Beneath this task are records; print exactly the stretch of them from the line with "2-к квартира, на" through the line with "ANFS | Ground EP (Modal Analysis)", both ends included.

DATA FOR THIS EXERCISE:
* * * * * * * * *
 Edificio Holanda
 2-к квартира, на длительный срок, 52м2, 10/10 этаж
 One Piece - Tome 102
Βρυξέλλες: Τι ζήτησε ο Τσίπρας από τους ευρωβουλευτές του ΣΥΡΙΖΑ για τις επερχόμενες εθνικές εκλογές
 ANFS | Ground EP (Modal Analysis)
* * * * * * * * *
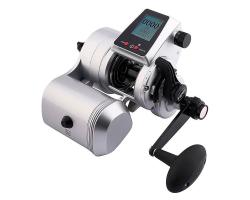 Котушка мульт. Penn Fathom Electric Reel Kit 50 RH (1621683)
* * * * * * * * *
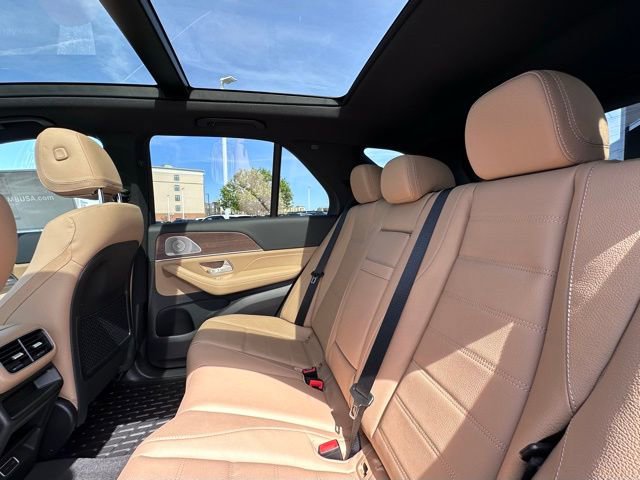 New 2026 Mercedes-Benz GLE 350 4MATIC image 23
* * * * * * * * *
EXPECTED ANSWER:
 2-к квартира, на длительный срок, 52м2, 10/10 этаж
 One Piece - Tome 102
Βρυξέλλες: Τι ζήτησε ο Τσίπρας από τους ευρωβουλευτές του ΣΥΡΙΖΑ για τις επερχόμενες εθνικές εκλογές
 ANFS | Ground EP (Modal Analysis)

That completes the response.